Como a China tem pouca influência no Oriente Médio, restam duas forças em tese capazes de aspirar ao lugar vago: a Rússia e a União Europeia. Mas só a primeira parece ter poder militar, visão estratégica e coesão política suficientes para bancar essa função e Putin não perdeu tempo. Na segunda-feira 11, cinco dias após a decisão da Casa Branca, aproveitou a coincidência com o colapso do Estado Islâmico, obtido graças ao seu apoio militar a Bashar al-Assad, para uma triunfal viagem relâmpago à Síria, Egito e Turquia.
Reafirmou o patrocínio ao ditador sírio, formalizou com o Cairo um acordo para construir a primeira usina nuclear do país e usar suas bases aéreas (a partir das quais quer intervir também na Líbia e recuperar a influência perdida quando a Otan derrubou Muammar Kaddafi) e não se esqueceu de passar pela cúpula de emergência em Istambul da Organização da Cooperação Islâmica, convocada pelo ex-inimigo e hoje quase aliado Recep Tayyip Erdogan para discutir Jerusalém.
Com a presença de 45 países muçulmanos, 22 dos quais representados por seus chefes de Estado - inclusive os presidentes da Palestina, Irã e Bangladesh e o rei da Jordânia -, a cúpula condenou o ato de Trump e o retaliou reconhecendo Jerusalém Oriental como capital da Palestina. Até mesmo a Arábia Saudita e o Egito tiveram de apoiar formalmente a resolução encaminhada pelo rival Erdogan e o rei Salman precisou confirmar publicamente a promessa a Abbas de não aceitar um acordo de paz sem uma Palestina independente com capital em Jerusalém Oriental.
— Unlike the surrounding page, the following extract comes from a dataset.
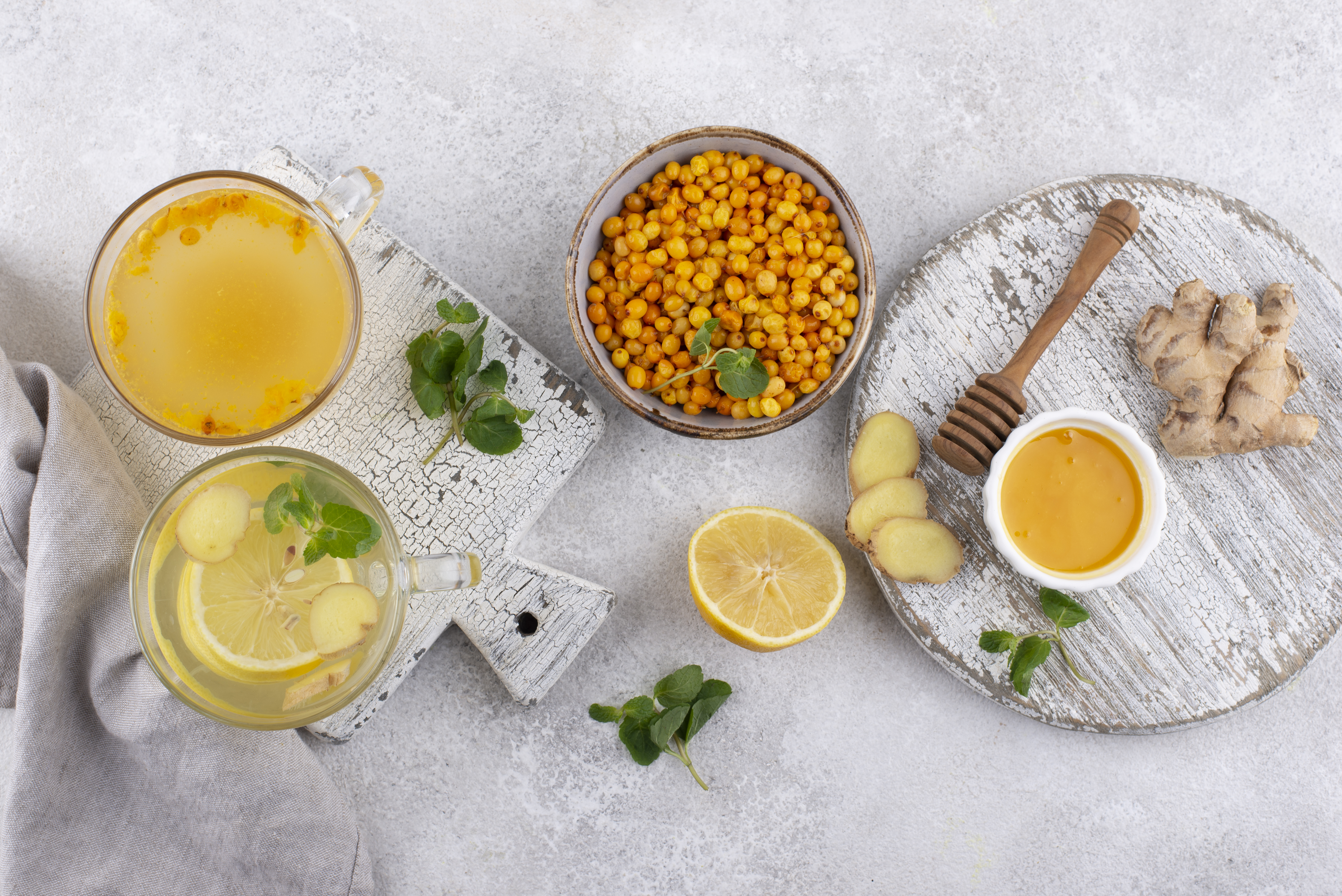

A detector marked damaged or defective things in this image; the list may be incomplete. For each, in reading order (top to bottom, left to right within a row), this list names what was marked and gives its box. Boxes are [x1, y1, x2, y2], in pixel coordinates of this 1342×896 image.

Enquanto isso, o ministro da Inteligência israelense, Yisrael Katz, declaradamente contrário à existência de um Estado Palestino, mostrava-se tão obtuso quanto Trump: saudou o príncipe herdeiro Bin Salman como "líder do mundo árabe" e convidou-o a visitar Israel e "patrocinar o processo de paz", como se não soubesse que aceitar o convite equivaleria a assumir o papel de traidor ante os próprios súditos, para não falar do restante do mundo muçulmano.
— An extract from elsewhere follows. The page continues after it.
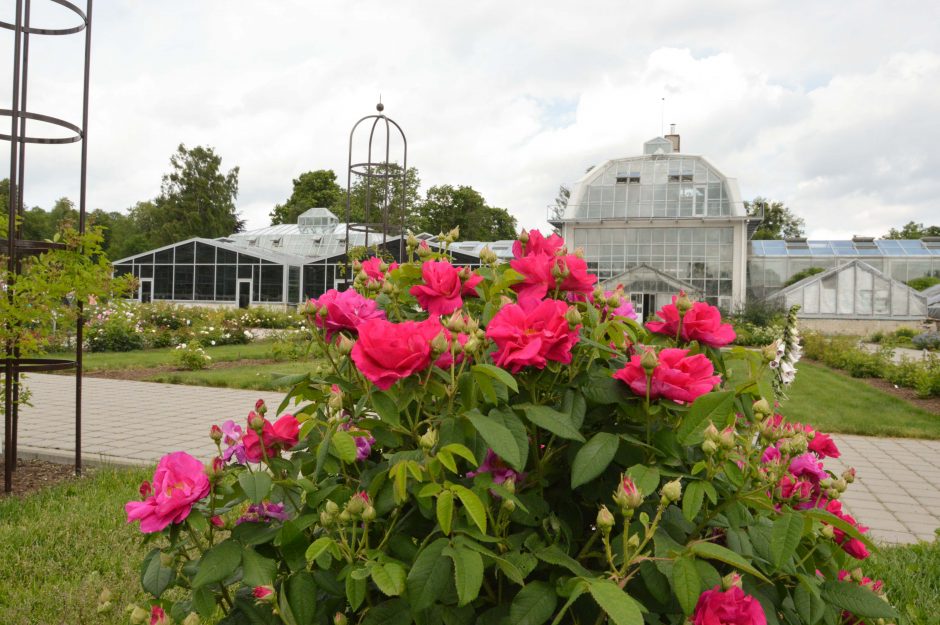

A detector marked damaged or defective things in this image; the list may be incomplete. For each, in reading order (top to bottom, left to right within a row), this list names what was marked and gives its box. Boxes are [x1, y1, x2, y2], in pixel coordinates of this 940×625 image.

rusty metal trellis [1, 0, 92, 492]
rusty metal trellis [344, 101, 406, 276]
Netanyahu não foi muito mais sagaz. Garantiu a seu povo que muitos outros países seguiriam os passos dos EUA e foi à sede da União Europeia em Bruxelas, pela primeira vez para um primeiro-ministro israelense. Com uma empáfia rara em eventos diplomáticos em público, acusou os europeus de hipocrisia. Para ele, "é hora de os palestinos reconhecerem o Estado judeu e que tem uma capital: ela se chama Jerusalém. Reconhecer a realidade é a fundação da paz. Há uma nova proposta dos EUA e acho que devemos dar à paz uma chance".
A chanceler europeia Federica Mogherini respondeu à altura: garantiu que continuará a defender a solução de dois Estados e a partilha de Jerusalém e receberá o presidente da Palestina - expressão literal, para enfatizar o reconhecimento implícito do Estado rival - em janeiro. Netanyahu que tente em outra freguesia, porque "do lado dos membros da União Europeia, esse reconhecimento não virá". De fato, a UE conseguiu demonstrar unidade: apesar de um esperneio do presidente tcheco Milos Zeman, nem sequer os governos mais simpáticos a Trump, como Tchéquia, Hungria, Polônia e Lituânia, ousaram imitá-lo.
O problema é que Mogherini apenas repete que não arredará pé da letra dos acordos de Oslo de 1993, mas estes - paralisados na prática desde o assassinato de Yitzhak Rabin em 1995 - acabam de ser reduzidos a pó pelos mesmos EUA que os patrocinaram. Consenso sobre não mudar de posição é mais fácil do que sobre ousar uma nova iniciativa e patrociná-la com o peso econômico e militar necessários. Sem isso, os europeus podem até ganhar a simpatia de alguns governos árabes e contratos antes abocanhados por Washington, mas as decisões sobre o futuro do Oriente Médio não passarão por Bruxelas e sim por Moscou, Ancara e Teerã.